In fact the book really isn't aimed at the programmer. What it consists of is a collection of introductions to how to get standard statistics computed using R. No real explanations fo the statistical ideas or principles are provided and so you probably need to be reasonably familiar with the techniques to understand what is going on.
One of the main challenges for the statistician in using R is getting the data into the correct format. The majority of chapter 2 is about reading in data. Chapter 3 is called "Starting Out: Working With Objects". Again it isn't really about objects as any programmer would recognize them - this is about data objects, vectors, lists, matrices and so on. For me it doesn't really provide the sort of structured explanation that would help me understand the data types that R supports - what is the difference between a matrix and a data frame for example? If you read the entire chapter you will get the idea but it would have been nice to have a clear and short summary.
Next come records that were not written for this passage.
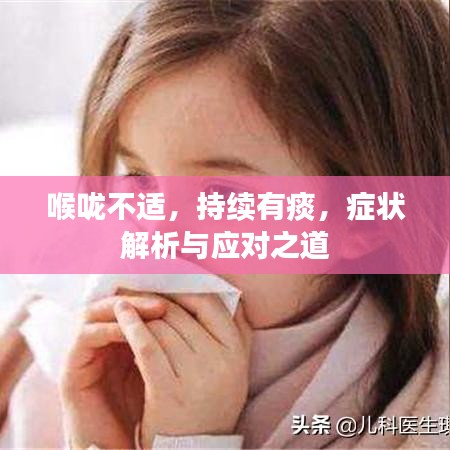 喉咙不适，持续有痰，症状解析与应对之道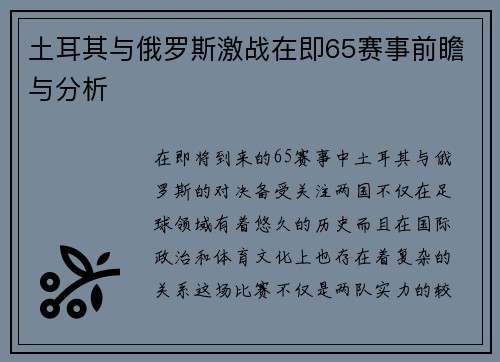 土耳其与俄罗斯激战在即65赛事前瞻与分析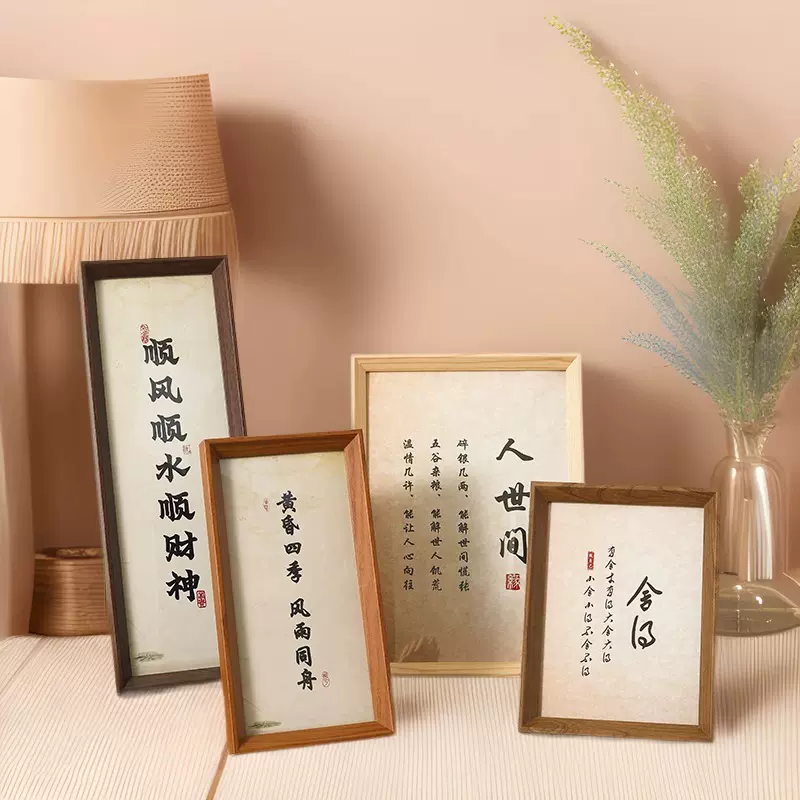 中式书法字体长方形挂画摆件装饰画相框5寸6寸8寸A3A4创意相框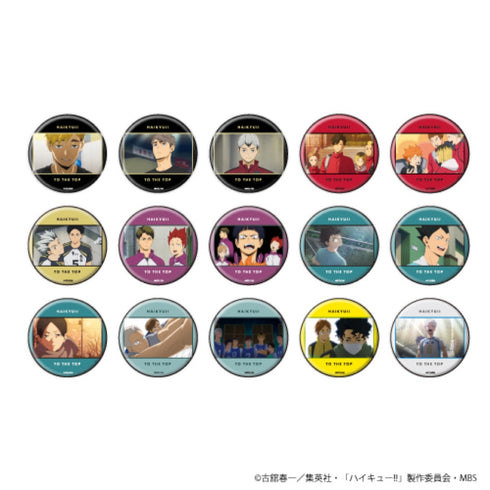 「ハイキュー!!」缶バッジ04/ボックス(全15種)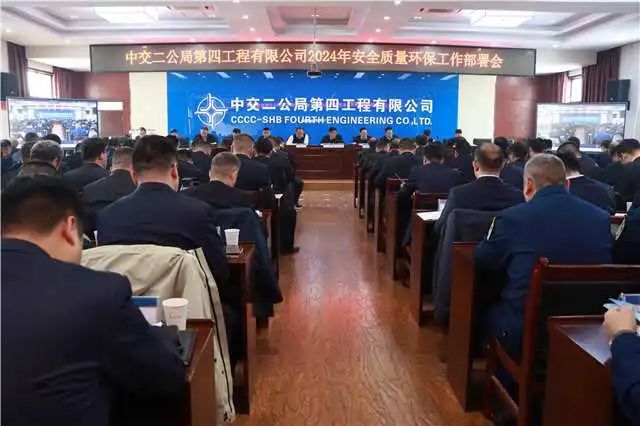 微信圖片_20240429143001.jpg 微信圖片_20240429143001.jpg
Chapter 4 moves on to look at the task of computing descriptive statistics. This is a simple introduction to computing means, standard deviations and the usual topics of elementary statistics. Later it moves on to look at cross-tabulation. I'm not entirely sure of the value of this sort of introduction as you basically end up saying - to compute a mean use mean(x) - and this is fairly obvious and can easily be looked up.
Chapter 5 is about distributions - creating simple plots and using density functions and so on. Chapter 6 moves on to hypothesis testing starting with Student's T and then the familiar non-parametric equivalent the U test. Next we have a look a correlation and co-variance which is in this chapter because we look at testing its significance. The chapter finished with the chi squared test for categorical data. It might have been better to group the material according to data type and analysis rather than lumping it all together under "hypothesis testing". A chapter on categorical data could have introduced cross-tabulation and chi-squared testing in one handy location.
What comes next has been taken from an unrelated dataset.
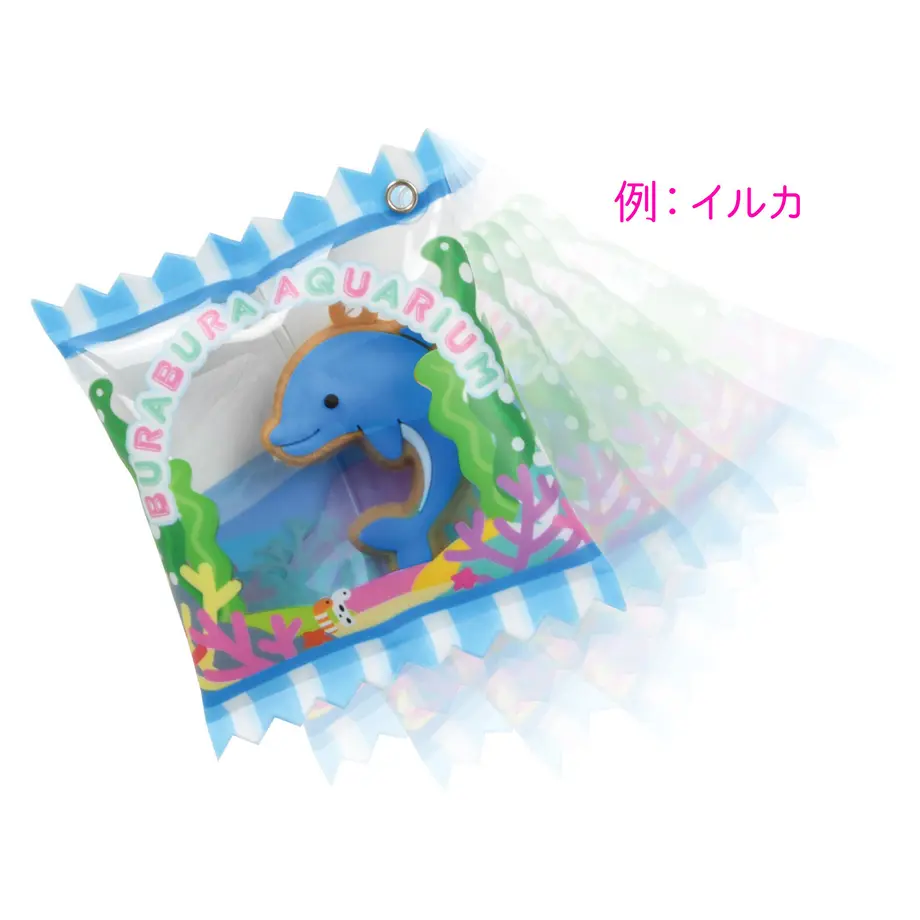 5fbdd89b8a45721546bd172b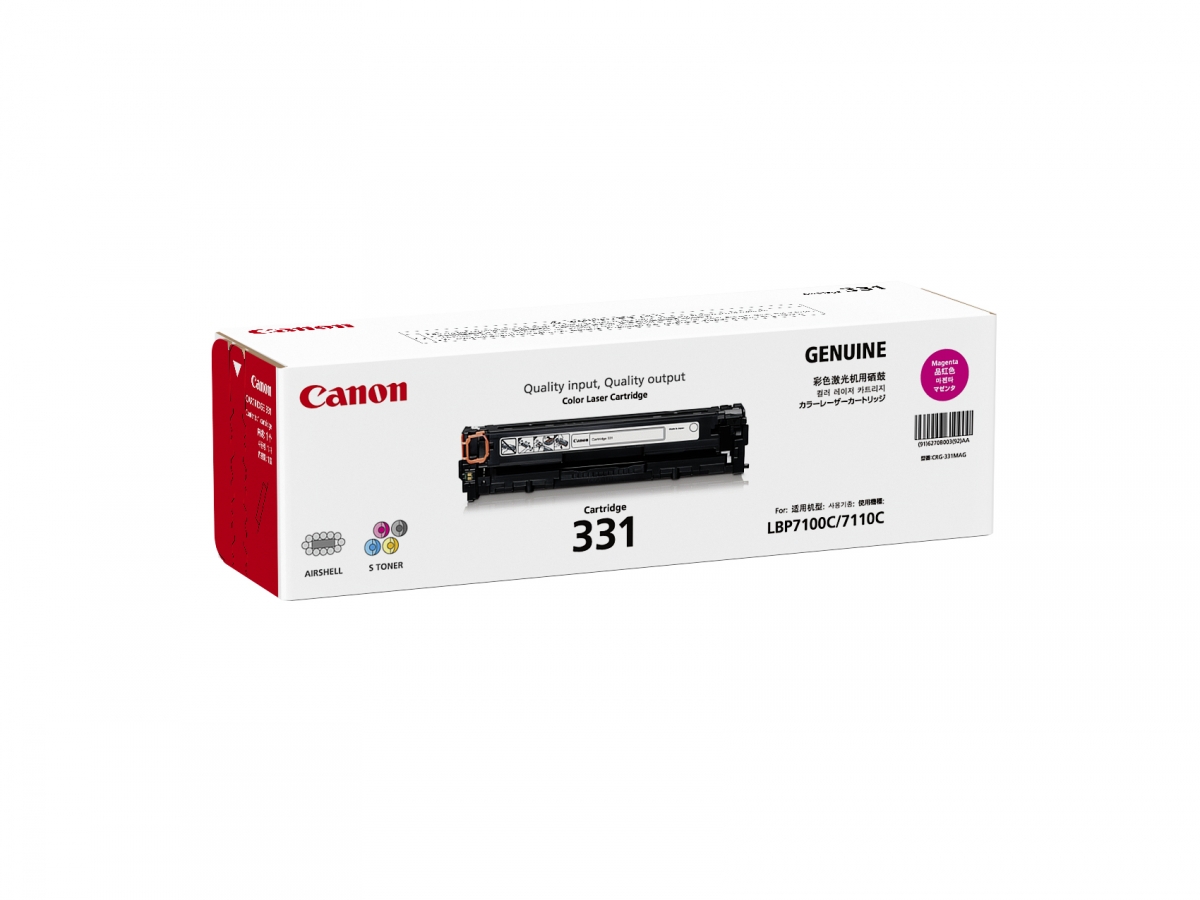 Hình của Mực in Canon 331 Magenta Toner Cartridge (6270B003AA)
Chapter 7 returns to a simpler topic of charts - box-whisker plots, scatter plots, line charts and so on .
Chapter 8 returns to more difficult topics with a look at "complex statistics" by which is meant the linear model in the form of Anova. The chapter starts out by explaining or almost explaining "formula" syntax. This is a way of describing the linear model you are fitting so
y ~ A + B +A:B
describes a complete two way Anova with two main effects and an interaction term. This isn't explained at all well in the chapter and to notice what it going on you need to be sure you understand Anova as a linear model. A two way Anova with interaction term is about as complicated as the book gets but there is a summary table at the end which explains how to write nested models.
Chapter 8 is about data manipulation including adding replication labels and aggregation. Chapter 9 moves back to statistics with a look at regression. After simple regression the connection between Anova and regression - they are both linear models - is made and the formula syntax is summarized again. The chapter finishes with a look at stepwise regression and confidence intervals etc.
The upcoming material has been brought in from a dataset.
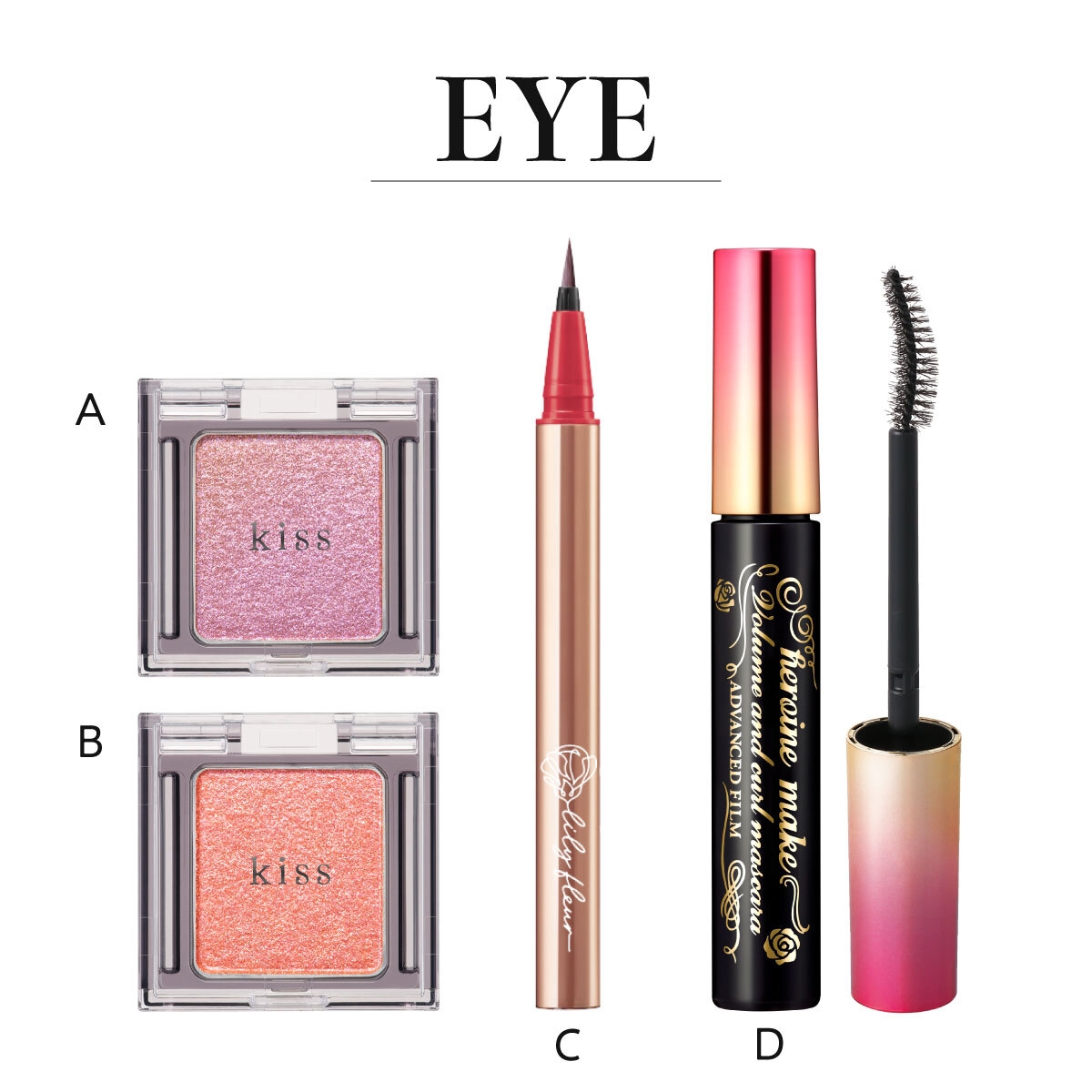 王道の純欲メイクに欠かせない厳選コスメはこれ！ アイメイク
The book closes with a chapter on more advanced graphic and finally a chapter on writing your own scripts. The chapter on scripts hardly gets off the ground - you learn how to write your own functions and that's about it.
This is a book that has nothing much to offer the programmer because it hardly deals with the R language and what it does cover isn't explained in a form that would make it easy for a programmer to pick it up. The book also doesn't do anything much about explaining the statistics, so don't rely on it if you are statistics beginner seeking guidance about how to get a project completed. It also is fairly weak on a systematic look at data transformations. Most statistical analysis follows the 90-10 rule - you spend 90% of your time getting the data into the correct form and 10% of the time analyzing it. At best this book provides a lot of worked examples and if this is what you are looking for then by all means get a copy - but check out the R documentation first.